Amendments Rejected to Fortify Privacy Rights, Keep Data from Military
The committee rejected three amendments Schakowsky offered that the Illinois Democrat contends would have strengthened privacy protections, ensured that consumers can hold companies accountable for misuse of their private information, required that companies report cyberthreat information directly to civilian agencies and maintained the long standing tradition that the military doesn't operate on U.S. soil against American citizens.
Schakowsky said she'll bring up her amendments when the House considers the measure.
But Langevin, in voting for the bill in committee, said the amended bill provides sufficient privacy and civil liberties protections, although he suggested the legislation could be strengthened.
"We cannot address these challenges without effective information sharing, and after much collaboration with civil liberties advocates, we have included strong precautions that guard against government access to and use of people's personal information," Langevin said. "I will continue to work with the committee, the White House and stakeholders to strengthen the measure when it comes to the House floor."

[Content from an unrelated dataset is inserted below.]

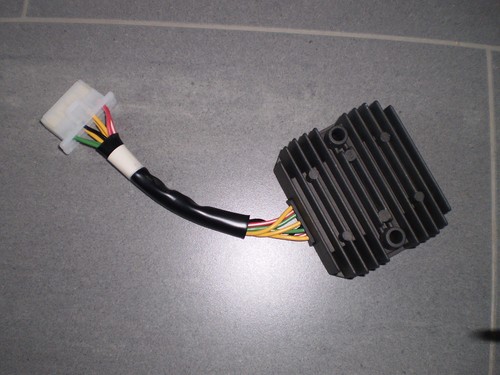 Goldwing regulator gl1000 - goldwing,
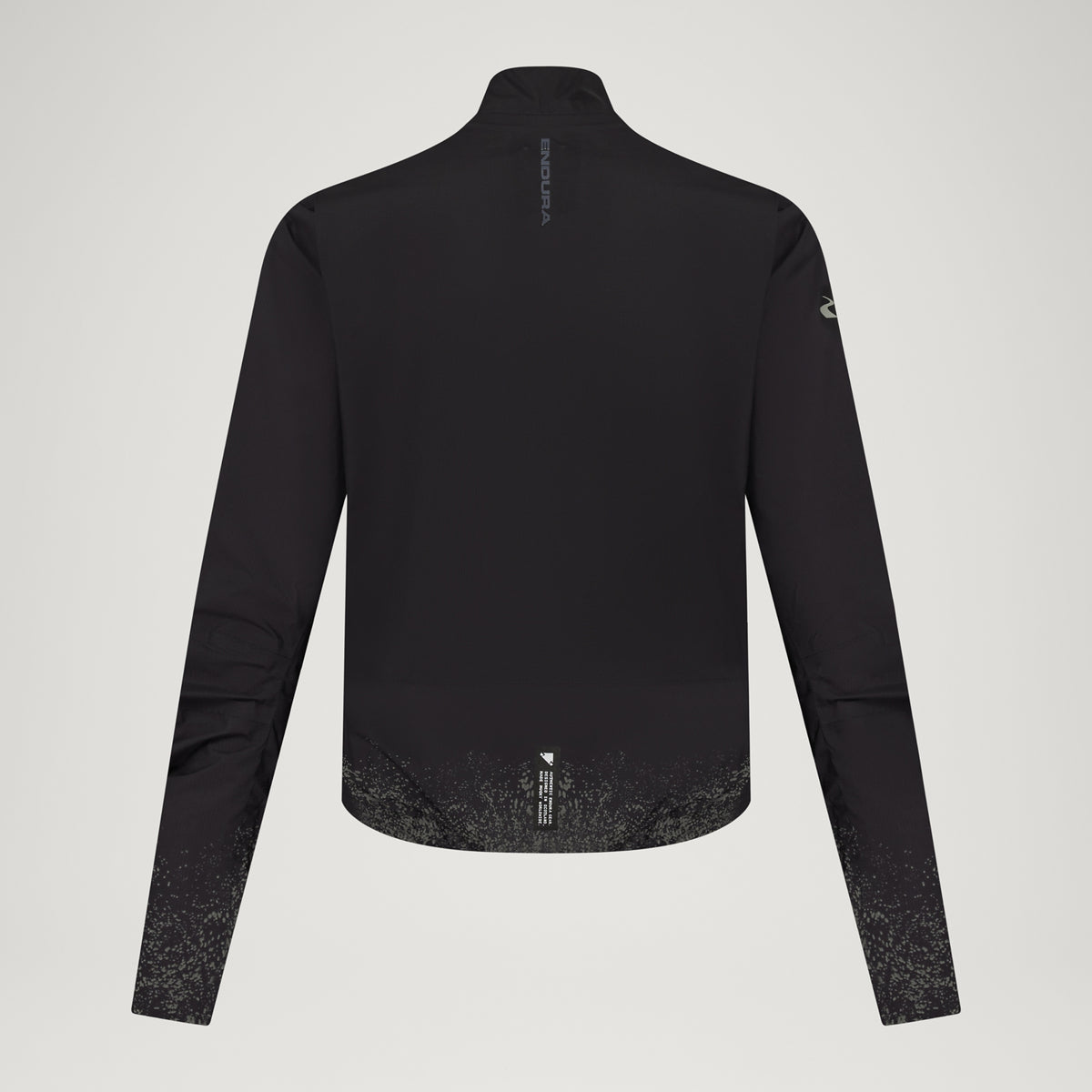 Chaqueta ENDURA ALLTRACK RACE CAPE negra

Anti-Hack-Back Rider Affirmed
Langevin offered an amendment that the committee accepted that specifies the measure does not provide any new authority to "hack back," addressing concerns that the measure could be misinterpreted to authorize companies to hack into other companies' networks to take back information that was stolen from them.
Privacy and civil libertarian advocates contend CISPA allows private Internet communications and information about U.S. citizens to go to the NSA, the military intelligence agency that intercepts electronic communications. The bill's sponsors maintain that the information being shared isn't content, but malicious code that can plant spyware in corporate computers to pilfer trade secrets or cause other types of havoc.
Obama, in an executive order issued in February, called for the establishment of a cyberthreat information sharing process [see Obama Issues Cybersecurity Executive Order]. But legislation is needed to provide liability protection for companies acting in good faith to protect their own networks or share threat information.
CISPA also would allow the federal government to provide classified cyberthreat information to the private sector to help American companies better protect themselves from advanced cyberthreats, as well as empower American businesses to share cyberthreat information with others in the private sector and enable the private sector to share information with the government on a purely voluntary basis, and, according to the bill's sponsors, all while providing strong protections for privacy and civil liberties, a contention that some lawmakers contest.